There is an obvious element of risk involved in learning to fight. Different martial arts have varying ideas of acceptable levels of contact. This ranges from light co-operative partner work, to an opponent actually trying to knock you out. Make sure you are aware of the levels of risk and what is acceptable to the class you are in. This also applies to conditioning exercises. If you are serious about wanting to be able to break bricks with your bare hands, then it may affect your piano playing. That said, if you want to learn to fight, sooner or later you will get hit. However, if you and the other students are staggering out of every lesson bleeding with broken bones then something is not right. The object of sparring and applications isn’t to hurt the other person. A good teacher gauges the appropriate level of pressure/challenge that their students can deal with. The risk of practicing martial arts ranges from entirely safe and suitable for all, to things that should only ever be attempted under the tutelage of a genuine master. Do not allow Kung Fu Dave to show you his “Monkey Steals the Coconut” technique after a few pints.

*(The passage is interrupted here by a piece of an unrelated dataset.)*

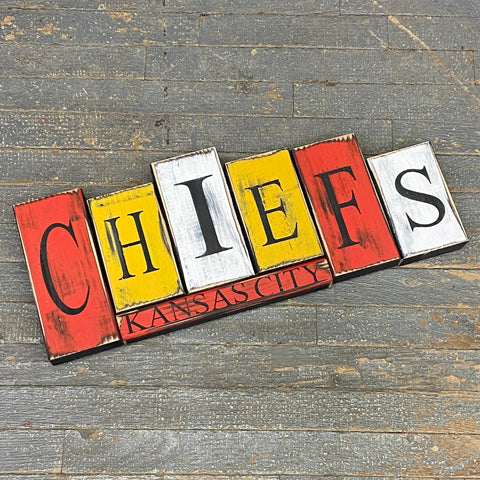 Hand Crafted Wood Word Block Set Football NFL Kansas City Chiefs Decoration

10. Will studying this martial art be rewarding, practical, interesting, will it benefit your life?
Learning martial arts takes perseverance, hard work and sacrifice, as everyone will relentlessly tell you, including me. That said, if it’s a completely miserable experience, the teacher is an arrogant negative tosser, or unable to actually demonstrate the abilities, skills and virtues they are claiming to teach, regardless of their paper qualifications or how amazing their style is, my advice is to keep looking. Great teachers are certainly out there, but for every Mr Myagi, there’s a Mr Bean. Don’t be disheartened if your initial experience isn’t the soft-focused power montage you’d hoped for. Very few people find their ideal class or teacher on their first attempt. Keep looking and explore different styles and classes before you commit to years of study in a single discipline. Try out new things, be safe, be sceptical, be polite, be prepared to meet the good the bad and the ugly, and learn how to tell the difference.